Having said that, we also recognize the need for regulators to enforce existing, basic principles to protect against the kind of shortsightedness and misplaced incentives that contributed to the housing bubble. Lenders should be deterred from giving money to people with no reasonable ability to repay it, even if they plan to sell the loans to Wall Street as soon as the borrowers’ signatures are dry. Regulators’ inattention to underwriting practices encouraged risky lending by firms unconcerned about defaults, planting a financial time bomb that detonated when housing prices peaked. Firms selling complex securities must make clear disclosures of what the assets are, both to investors and to the agencies that rate the risk of default. And there needs to be more protection against ratings agencies serving those who sell securities at the expense of those who buy them. Policymakers should consider new approaches to measuring risk, rather than continuing to mandate the use of government-approved ratings companies. The lack of transparency and compliant ratings agencies allowed securities firms to conceal risks so thoroughly that even sophisticated investors were taken by surprise by the poor quality of the assets they’d gambled on.

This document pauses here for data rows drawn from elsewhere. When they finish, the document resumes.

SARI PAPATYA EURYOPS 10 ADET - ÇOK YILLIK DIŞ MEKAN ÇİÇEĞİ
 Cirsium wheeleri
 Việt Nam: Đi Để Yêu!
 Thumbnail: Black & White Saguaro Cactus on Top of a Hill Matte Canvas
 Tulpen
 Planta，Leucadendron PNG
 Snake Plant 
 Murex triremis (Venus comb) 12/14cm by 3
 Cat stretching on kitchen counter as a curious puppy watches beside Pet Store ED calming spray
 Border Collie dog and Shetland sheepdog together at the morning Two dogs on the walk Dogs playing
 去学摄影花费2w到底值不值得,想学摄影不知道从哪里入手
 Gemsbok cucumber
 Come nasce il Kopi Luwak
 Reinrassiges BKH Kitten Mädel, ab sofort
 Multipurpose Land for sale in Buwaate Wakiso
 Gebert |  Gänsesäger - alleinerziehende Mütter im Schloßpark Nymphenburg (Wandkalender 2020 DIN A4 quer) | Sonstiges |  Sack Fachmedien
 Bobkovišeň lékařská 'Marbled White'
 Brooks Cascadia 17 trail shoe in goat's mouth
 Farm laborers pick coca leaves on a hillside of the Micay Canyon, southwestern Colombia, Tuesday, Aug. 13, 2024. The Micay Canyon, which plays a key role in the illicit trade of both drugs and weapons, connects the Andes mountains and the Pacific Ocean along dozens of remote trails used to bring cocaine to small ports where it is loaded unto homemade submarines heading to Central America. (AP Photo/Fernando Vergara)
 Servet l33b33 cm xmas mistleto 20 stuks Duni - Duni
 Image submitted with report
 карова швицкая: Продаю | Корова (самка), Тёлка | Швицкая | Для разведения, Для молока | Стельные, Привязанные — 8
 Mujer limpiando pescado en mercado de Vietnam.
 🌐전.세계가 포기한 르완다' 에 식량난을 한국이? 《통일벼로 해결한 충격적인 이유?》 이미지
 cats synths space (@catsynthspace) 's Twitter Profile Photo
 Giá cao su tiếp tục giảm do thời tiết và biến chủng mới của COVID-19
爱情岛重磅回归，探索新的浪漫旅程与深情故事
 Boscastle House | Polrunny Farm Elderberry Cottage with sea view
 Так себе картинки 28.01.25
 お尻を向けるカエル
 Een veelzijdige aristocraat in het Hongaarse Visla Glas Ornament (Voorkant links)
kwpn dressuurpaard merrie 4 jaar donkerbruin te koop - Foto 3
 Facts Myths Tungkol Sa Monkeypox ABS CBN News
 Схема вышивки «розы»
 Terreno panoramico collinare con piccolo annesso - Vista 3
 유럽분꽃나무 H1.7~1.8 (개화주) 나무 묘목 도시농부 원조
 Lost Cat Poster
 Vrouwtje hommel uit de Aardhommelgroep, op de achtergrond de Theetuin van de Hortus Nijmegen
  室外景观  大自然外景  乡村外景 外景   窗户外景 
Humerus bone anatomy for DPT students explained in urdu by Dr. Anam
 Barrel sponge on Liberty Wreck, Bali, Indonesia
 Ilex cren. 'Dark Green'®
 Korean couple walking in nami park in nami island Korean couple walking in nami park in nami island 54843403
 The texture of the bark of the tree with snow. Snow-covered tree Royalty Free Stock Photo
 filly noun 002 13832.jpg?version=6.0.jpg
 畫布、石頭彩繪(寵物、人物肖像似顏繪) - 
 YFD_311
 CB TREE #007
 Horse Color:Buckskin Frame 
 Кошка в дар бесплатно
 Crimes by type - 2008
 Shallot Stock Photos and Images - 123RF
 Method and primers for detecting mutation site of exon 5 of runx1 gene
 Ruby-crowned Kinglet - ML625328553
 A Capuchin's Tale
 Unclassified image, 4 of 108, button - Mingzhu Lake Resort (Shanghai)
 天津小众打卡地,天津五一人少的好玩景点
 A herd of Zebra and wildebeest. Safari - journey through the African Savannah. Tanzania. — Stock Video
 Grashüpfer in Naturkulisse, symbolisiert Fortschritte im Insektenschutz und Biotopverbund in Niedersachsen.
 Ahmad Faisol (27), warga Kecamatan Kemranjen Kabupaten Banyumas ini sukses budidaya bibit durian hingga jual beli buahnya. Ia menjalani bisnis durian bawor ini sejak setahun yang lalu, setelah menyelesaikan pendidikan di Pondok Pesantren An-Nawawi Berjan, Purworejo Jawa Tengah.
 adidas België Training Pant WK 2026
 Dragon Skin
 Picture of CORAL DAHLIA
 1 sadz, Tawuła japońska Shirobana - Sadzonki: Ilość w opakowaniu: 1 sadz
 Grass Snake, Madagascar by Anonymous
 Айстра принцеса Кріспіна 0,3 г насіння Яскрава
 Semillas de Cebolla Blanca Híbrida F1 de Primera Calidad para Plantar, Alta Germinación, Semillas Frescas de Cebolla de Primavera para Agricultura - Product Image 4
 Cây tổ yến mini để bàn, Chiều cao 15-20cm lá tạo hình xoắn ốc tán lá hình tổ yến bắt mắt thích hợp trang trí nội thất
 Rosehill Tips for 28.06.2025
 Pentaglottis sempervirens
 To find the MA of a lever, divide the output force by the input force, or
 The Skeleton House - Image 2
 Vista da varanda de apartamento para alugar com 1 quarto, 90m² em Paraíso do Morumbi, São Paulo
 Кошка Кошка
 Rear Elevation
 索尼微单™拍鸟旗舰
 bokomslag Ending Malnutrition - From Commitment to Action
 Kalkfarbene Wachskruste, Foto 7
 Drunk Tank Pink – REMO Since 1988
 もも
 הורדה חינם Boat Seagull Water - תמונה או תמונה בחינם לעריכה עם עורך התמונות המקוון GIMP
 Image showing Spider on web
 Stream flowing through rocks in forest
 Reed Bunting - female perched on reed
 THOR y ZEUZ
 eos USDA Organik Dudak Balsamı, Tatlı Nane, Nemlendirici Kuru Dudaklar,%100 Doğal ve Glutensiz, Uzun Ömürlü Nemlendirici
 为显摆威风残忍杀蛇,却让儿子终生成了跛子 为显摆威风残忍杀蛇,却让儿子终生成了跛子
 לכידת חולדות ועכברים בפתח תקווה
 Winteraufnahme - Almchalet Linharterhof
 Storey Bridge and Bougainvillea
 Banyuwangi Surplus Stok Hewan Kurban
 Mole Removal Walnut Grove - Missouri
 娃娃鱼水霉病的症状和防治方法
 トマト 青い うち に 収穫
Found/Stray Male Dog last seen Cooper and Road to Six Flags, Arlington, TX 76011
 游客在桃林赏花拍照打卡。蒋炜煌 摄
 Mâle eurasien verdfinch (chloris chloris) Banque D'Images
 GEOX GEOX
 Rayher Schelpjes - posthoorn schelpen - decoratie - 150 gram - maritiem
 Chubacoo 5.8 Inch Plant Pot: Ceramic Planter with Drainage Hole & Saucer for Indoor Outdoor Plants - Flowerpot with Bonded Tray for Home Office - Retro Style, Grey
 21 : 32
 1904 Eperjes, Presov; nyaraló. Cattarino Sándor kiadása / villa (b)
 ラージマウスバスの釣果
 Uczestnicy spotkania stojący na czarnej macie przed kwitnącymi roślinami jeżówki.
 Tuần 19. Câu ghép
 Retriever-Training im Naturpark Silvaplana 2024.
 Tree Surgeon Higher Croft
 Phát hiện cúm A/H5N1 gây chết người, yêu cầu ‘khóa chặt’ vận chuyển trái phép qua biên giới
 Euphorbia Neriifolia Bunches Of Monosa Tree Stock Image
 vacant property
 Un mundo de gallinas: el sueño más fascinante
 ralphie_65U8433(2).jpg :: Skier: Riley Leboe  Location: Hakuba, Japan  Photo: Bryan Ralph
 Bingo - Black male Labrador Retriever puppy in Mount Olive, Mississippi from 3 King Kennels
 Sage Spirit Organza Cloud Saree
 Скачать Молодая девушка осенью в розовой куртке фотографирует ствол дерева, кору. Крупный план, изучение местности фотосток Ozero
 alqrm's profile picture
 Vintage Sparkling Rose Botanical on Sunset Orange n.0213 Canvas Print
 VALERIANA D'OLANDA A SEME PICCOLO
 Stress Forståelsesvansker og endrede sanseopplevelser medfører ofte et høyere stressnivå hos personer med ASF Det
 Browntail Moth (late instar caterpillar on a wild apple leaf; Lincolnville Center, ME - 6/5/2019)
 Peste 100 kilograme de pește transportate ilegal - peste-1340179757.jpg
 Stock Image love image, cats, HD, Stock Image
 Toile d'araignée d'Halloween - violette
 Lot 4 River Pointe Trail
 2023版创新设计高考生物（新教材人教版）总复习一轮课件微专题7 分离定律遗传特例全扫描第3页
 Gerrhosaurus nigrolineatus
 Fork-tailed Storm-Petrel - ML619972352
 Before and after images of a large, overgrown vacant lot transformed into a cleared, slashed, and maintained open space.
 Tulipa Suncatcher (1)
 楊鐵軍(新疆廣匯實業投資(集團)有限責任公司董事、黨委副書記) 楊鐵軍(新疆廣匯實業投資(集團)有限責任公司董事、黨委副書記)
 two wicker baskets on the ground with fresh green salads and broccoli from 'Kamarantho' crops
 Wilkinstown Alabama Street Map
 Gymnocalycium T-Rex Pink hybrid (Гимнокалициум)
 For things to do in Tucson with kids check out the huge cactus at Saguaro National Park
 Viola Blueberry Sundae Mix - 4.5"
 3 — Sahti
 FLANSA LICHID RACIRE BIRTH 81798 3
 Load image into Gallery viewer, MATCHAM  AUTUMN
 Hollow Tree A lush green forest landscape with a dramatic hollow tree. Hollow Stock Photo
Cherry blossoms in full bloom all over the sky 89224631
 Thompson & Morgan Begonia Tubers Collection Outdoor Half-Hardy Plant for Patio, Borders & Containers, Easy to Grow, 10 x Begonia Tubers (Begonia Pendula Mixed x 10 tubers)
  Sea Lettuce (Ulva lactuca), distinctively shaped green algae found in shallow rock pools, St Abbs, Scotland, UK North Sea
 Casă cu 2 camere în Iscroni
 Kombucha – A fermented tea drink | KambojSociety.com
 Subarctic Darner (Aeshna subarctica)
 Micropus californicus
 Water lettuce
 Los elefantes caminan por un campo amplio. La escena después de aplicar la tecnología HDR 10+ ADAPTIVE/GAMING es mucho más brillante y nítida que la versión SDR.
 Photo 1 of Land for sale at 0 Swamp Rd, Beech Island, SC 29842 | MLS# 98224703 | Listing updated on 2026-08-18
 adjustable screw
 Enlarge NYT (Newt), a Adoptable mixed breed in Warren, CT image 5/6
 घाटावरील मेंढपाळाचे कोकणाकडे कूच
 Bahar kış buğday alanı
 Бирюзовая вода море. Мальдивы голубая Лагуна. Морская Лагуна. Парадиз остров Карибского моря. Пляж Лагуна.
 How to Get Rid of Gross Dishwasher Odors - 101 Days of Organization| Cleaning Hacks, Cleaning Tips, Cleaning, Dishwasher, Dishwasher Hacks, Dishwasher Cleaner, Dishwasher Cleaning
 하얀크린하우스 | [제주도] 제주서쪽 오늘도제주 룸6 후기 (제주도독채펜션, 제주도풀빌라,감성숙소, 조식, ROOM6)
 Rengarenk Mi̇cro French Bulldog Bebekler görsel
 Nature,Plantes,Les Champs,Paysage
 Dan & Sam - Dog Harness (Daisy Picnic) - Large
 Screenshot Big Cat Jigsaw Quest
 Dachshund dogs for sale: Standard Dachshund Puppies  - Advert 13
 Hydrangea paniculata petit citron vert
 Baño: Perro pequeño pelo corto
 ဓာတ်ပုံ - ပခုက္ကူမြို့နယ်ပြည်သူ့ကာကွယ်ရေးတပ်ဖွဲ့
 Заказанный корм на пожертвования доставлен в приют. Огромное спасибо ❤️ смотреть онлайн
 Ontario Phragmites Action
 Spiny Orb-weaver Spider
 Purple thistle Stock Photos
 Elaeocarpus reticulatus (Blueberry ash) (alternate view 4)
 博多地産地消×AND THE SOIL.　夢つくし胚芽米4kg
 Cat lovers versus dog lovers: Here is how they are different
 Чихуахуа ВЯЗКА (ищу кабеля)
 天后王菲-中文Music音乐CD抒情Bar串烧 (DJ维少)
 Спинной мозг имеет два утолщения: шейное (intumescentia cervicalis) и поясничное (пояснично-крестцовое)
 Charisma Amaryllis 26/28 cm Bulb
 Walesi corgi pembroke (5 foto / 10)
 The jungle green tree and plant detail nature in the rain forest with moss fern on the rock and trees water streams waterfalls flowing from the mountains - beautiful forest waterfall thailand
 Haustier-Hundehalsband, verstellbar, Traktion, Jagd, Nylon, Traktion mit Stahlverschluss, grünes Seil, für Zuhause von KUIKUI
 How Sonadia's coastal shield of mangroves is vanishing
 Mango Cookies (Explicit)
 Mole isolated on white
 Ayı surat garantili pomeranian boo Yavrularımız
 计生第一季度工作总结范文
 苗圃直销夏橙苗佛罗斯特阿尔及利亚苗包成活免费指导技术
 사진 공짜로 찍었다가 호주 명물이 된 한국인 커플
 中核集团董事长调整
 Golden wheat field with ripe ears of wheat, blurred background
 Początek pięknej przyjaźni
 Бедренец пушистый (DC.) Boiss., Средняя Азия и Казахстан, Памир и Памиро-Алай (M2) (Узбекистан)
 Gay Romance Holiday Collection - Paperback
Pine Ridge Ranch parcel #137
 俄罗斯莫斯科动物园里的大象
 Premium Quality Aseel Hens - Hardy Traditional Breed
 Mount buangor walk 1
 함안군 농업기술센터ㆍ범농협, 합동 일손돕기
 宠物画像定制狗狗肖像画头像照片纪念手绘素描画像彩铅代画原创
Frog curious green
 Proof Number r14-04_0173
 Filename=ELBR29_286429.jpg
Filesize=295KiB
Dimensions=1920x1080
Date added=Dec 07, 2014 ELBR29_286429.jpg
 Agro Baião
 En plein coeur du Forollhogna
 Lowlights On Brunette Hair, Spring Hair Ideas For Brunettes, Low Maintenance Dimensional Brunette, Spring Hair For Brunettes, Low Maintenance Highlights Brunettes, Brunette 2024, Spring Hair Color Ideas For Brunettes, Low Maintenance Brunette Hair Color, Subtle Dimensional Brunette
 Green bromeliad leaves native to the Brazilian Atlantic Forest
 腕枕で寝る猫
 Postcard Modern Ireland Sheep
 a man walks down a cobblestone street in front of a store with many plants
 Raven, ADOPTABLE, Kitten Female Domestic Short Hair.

Washington is moving ahead on several of these fronts. The Federal Reserve has reemphasized underwriting standards, and we look to new leaders at the Securities and Exchange Commission to require fuller disclosures about complex securities. The transformation of Morgan Stanley and Goldman Sachs into bank holding companies should put the Fed in a better position to monitor the health of the entire credit system and discourage the binge borrowing that contributed to the demise of Bear Stearns and Lehman Bros. And Fed Chairman Ben S. Bernanke has been exploring how to guard against systemic risks, as have central bank presidents around the globe. Ultimately, it may be impossible to prevent the public from being caught up in a mania like the housing bubble. And it would be a mistake to crimp Wall Street’s innovation simply because some of the offerings confuse investors. But it would be just as unwise to let the experience of 2008 become a guide for Wall Street firms on how to guarantee themselves a bailout.